I got an email this week from one of our loyal blog readers that caught my attention.

She had been ghosted yet again and she was trying to understand why she was always the victim of getting ghosted.

Here’s the transcript:

“Hey Ashton,

First of all I love your blog. You always keep it real and I love how open you are about your past as an a-hole LOL! You and Ashley have a relationship that’s to die for and I want to find someone that I can share love with as well.

The reason I’m writing to you is because I’ve been single for a long time and I’ve been dating a lot. I really want a serious relationship but what I’ve found is that like 7 out of 10 guys I go on dates with ghost me. We go out, have a good time and then they never contact me again. 

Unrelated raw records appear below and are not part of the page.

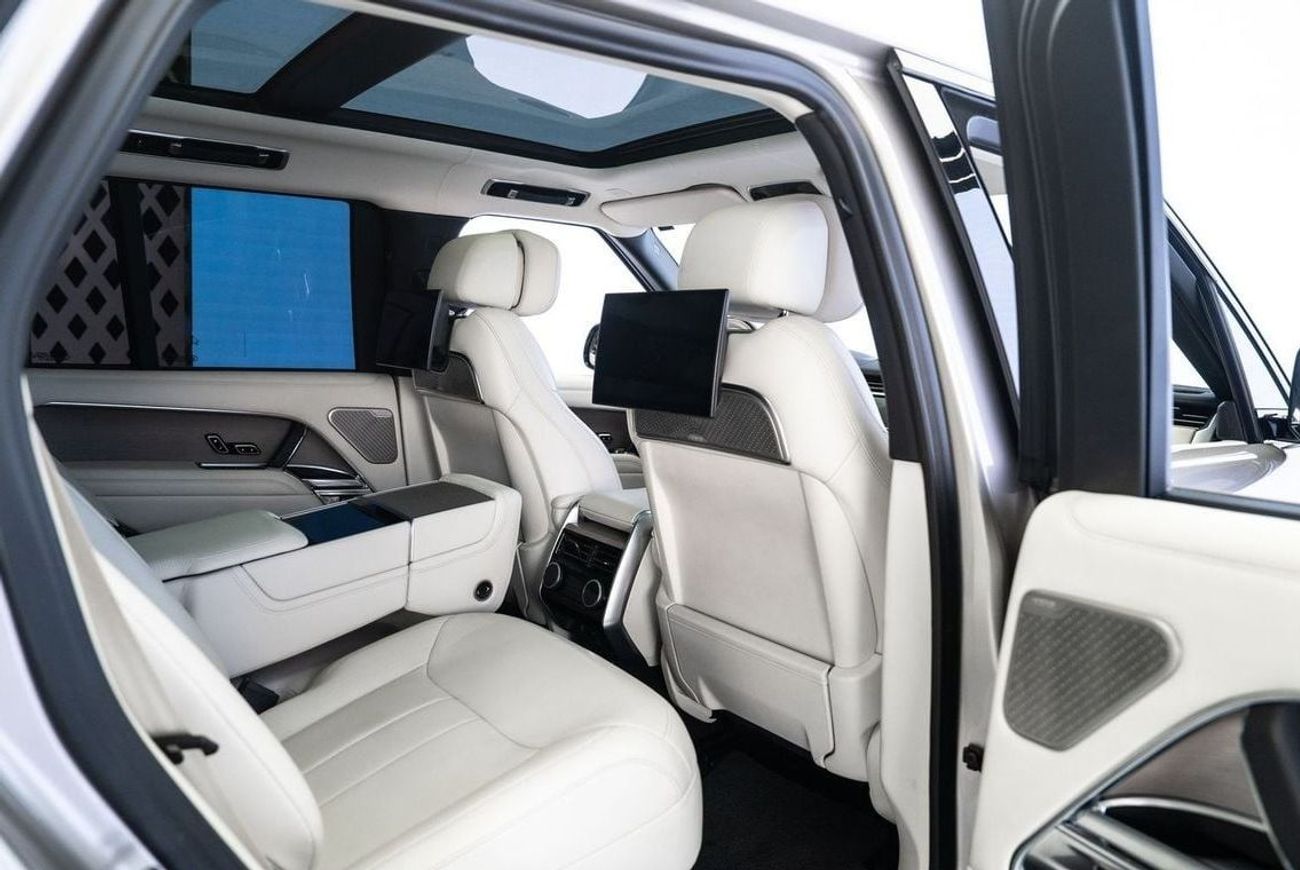 لاند روفر رينج روفر First Edition P530 4.4L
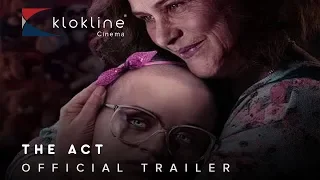2019 The Act Official Trailer 1 HD A Hulu, Universal Cable Production
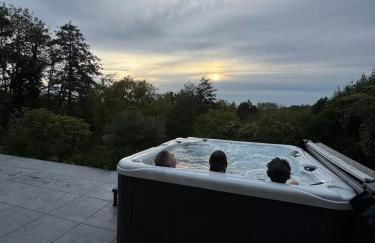 Villa Pier'Art - Piscine Jacuzzi Tennis Vue Mer - Photo 23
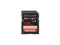 SanDisk Extreme PRO 128 GB Class 3/UHS-I (U3) V30 SDXC - 200 MB/s Read - 90 MB/s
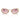Miu Miu Sunglasses MU52Y 5AK06S Gold-Brown Gradient Women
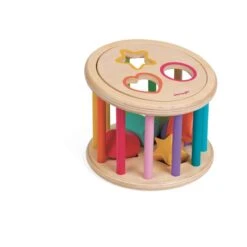 Janod Quizz Des Formes I Wood -Magasin De Jouets quizz des formes i wood 2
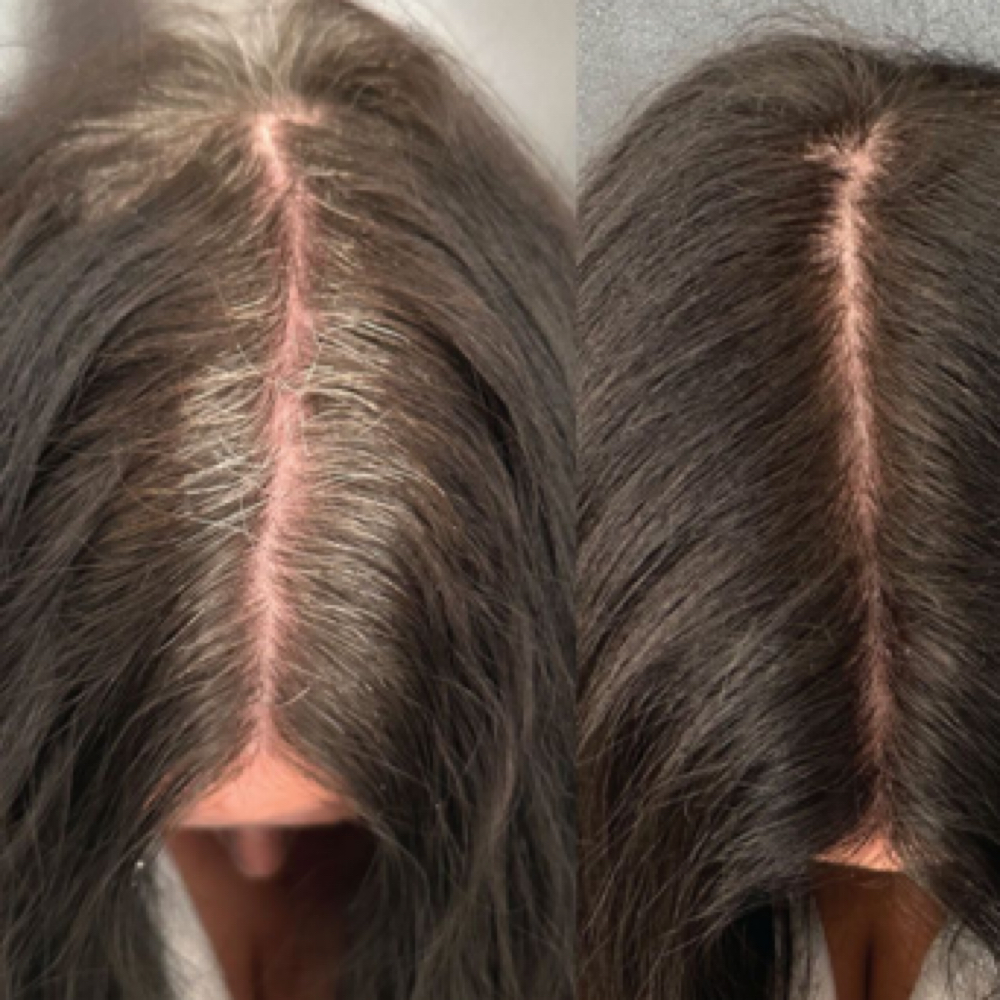 Color Root Touch Up at Coloredbynicole in Happy Valley, OR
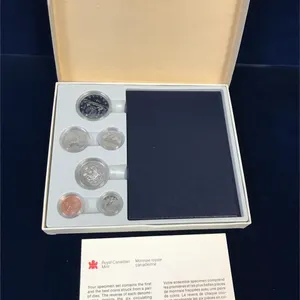 1981 Specimen Coin Set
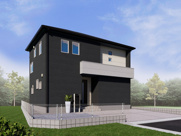 久喜市西28区画　新築戸建　全28棟　12号棟の画像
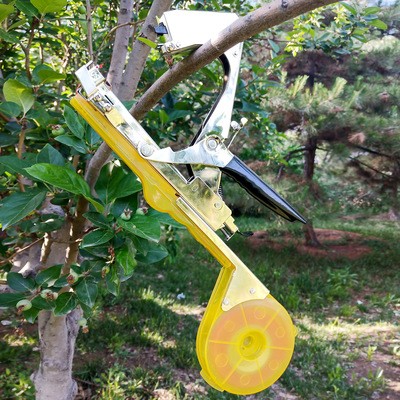 YISUPAI綁枝機 葡萄綁枝機綁黃瓜機番茄圣女果綁蔓機獼猴桃綁枝器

From your perspective, have you ever ghosted someone in the past? And if so why did you do it? 

Sincerely, 

Rosa

I realized that this is a super common thing but yet no one was really addressing it.

The only resources I found were from other women speculating as to why a man would ghost a woman.

NONE of which I could resonate with.

They make it seem deep and philosophical when really its not that complicated.

But hey, it’s hard to give a perspective if you have never been on that side so “A” for effort.

Today I’m going to share with you the raw, uncut reasons why I ghosted women.

And trust me, with the amount of women I’ve ghosted, my nickname should be Casper the not so friendly ass hole.

For the majority of my life I was the definition of a player.

Up until my mid to late 20’s this was my reputation and I rightfully earned it.

I really did not care about women’s feelings and truly viewed them as disposable pleasures.

I was part of a very big problem that I can proudly say that I have overcome.

Please understand that I am not speaking on behalf of every man.

People have different reasons for doing things.

What I will do is tell you MY personal reasons for ghosting girls and let you do with it as you please.

So why did I ghost so many women in my past?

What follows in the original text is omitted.